* _TO DO_: All lines of the data shown below should be output exactly as they stand.

* _DATASET CONTENT_:
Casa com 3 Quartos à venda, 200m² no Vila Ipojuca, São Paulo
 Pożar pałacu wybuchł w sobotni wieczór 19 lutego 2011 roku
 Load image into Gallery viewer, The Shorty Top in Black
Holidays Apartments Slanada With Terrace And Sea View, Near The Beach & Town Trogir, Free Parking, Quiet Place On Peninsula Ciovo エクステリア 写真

* _FINISHED TASK_:
Casa com 3 Quartos à venda, 200m² no Vila Ipojuca, São Paulo
 Pożar pałacu wybuchł w sobotni wieczór 19 lutego 2011 roku
 Load image into Gallery viewer, The Shorty Top in Black
Holidays Apartments Slanada With Terrace And Sea View, Near The Beach & Town Trogir, Free Parking, Quiet Place On Peninsula Ciovo エクステリア 写真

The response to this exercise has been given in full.